O presidente Zelensky disse que o início para a paz começa com a retirada russa para as posições anterior a 24 de fevereiro...
...Isso para começar. Não será o fim. Não deixaremos que se mantenham na Crimeia ou no Donbass mas neste momento é difícil alcançá-lo com meios militares.

O exército ucraniano não tem meios humanos nem militares para consegui-lo.
[Os russos] superam-nos em pessoal, podem ter três ou quatro mais soldados por cada ucraniano e têm muito mais equipamento. Algum é datado, mas outro é novo, a estrear. Mas isso não quer dizer que vá haver concessões de território, em caso algum.

Para si qual é o objetivo de momento de Putin?
Quer atingir uma vitória grande. Não conseguiu tomar Kiev, Kharkiv nem Odessa, por isso quer mostrar uma vitória ao seu povo. Não sei quais são os seus limites temporais, mas quer algo visível e é por isso que se mostra tão obstinado e intransigente na batalha pelo Donbass, onde concentrou as forças armadas mais bem preparadas, deixando-nos em desvantagem numérica e de meios. É por isso que necessitamos o máximo de armas possível. Tudo o que Portugal puder dar, por favor, deem de imediato. Os vossos governantes sabem do que falamos.

Após alguma hesitação, o presidente dos EUA decidiu pelo envio de sistemas de lançamento múltiplo de foguetes (MLRS). Chegará ao Donbass a tempo?
Assim espero. Precisamos deles no Donbass, precisamos no sul, por exemplo para desbloquear Mariupol. Será o início da contraofensiva no sul, na batalha pelo Donbass e para libertar toda a região de Kharkiv. Precisamos de armas, armas, armas.

O MLRS pode virar o jogo?
Sim, sem dúvida. Isso e os mísseis antinavios porque o sul da Ucrânia não só é alvo pelo ar mas também pelos navios. MLRS, mísseis antinavios, veículos blindados e sistemas de artilharia podem virar o jogo.

Pelo menos o Reino Unido já enviara mísseis antinavios.
Em quantidade muito pequena. Ao que sei Portugal também tem. Mais uma vez, qualquer apoio que possa ser dado que o seja de imediato.
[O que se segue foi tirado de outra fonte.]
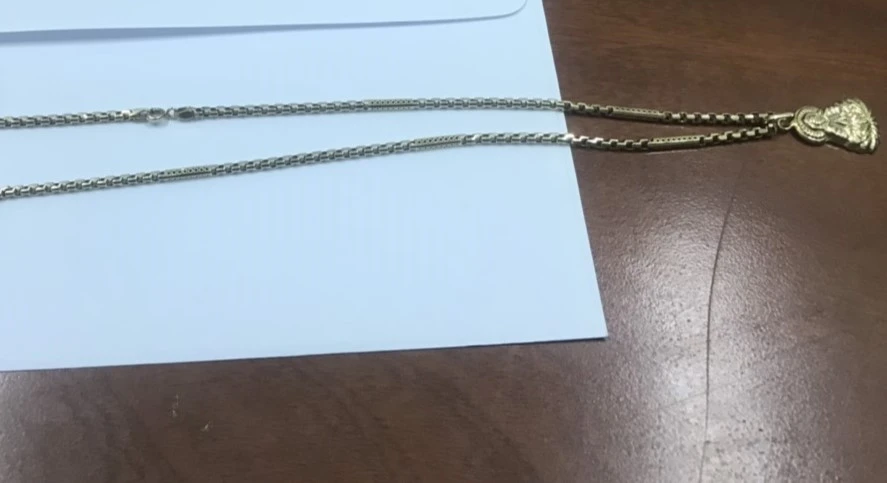 Sợi dây chuyển hai tên cướp giật hụt. Ảnh: CACC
Como acabar com o bloqueio naval russo no Mar Negro?
Precisamos de acabar com o cerco porque, em primeiro lugar, estão a disparar para as nossas cidades e a matar pessoas. E em segundo, e não menos importante, porque estão a bloquear os nossos portos e impedindo de exportar os cereais e tudo o mais. Pedimos à comunidade internacional para que a UE e a ONU iniciem uma operação conjunta de exportação dos cereais nos próximos dois ou três meses. Ajudem-nos a ajudar-vos.